If I had told him that I suspected Sly was really a woman and I had proof that her name was Bertha, Jones would have said the same thing: this feels right.
“Well, don’t get your hopes up,” I said.
“Too late, they’re up. Way up. Besides, I’ve lived my whole life with my hopes up. I’m not afraid to get them dashed every now and then. Getting your hopes dashed builds character.”
“Then this might be a character-building exercise.”
“So be it,” he said. “I enjoy living life with my hopes up. Keeps me out of therapy and off of the mood- enhancers.”

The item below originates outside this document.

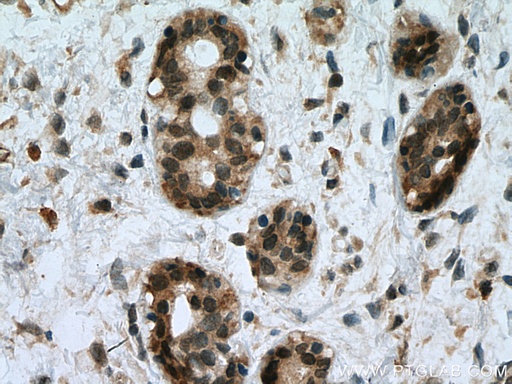 [28328-1-AP-20UL] UBE2D1/2/3/4 Polyclonal antibody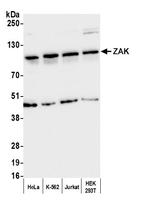 ZAK Polyclonal Antibody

It was after eight p.m. The store was closed for the night, and most of the lights were out. I was keenly aware that I was currently being watched by about two dozen shrunken heads. Rubber, granted. But shrunken nonetheless. And I was keenly aware that I was standing in front of a very dead man. One of the deadest men I had ever seen. Hell, if I wasn’t so tough, I might have been nervous.
“This store gets creepy at night, huh?” said Jones. Perhaps he was a mind reader. Or perhaps he saw me look nervously over my shoulder.
“Hadn’t noticed,” I said.
“We hear voices at night, you know. And sometimes we show up in the morning and the displays are knocked over.”
“Maybe it’s mice.”
Jones wasn’t listening. “Say, do you investigate the paranormal as well?”
“No.”
“Too bad, I could have thrown some more work your way.”
“More publicity for the store?” I asked.
“Sure,” he said. Jones was shameless. “I’ll do whatever it takes to get more customers in through those doors.”
“Even make up ghost stories.”
“If I have to,” he said. “But these are real.”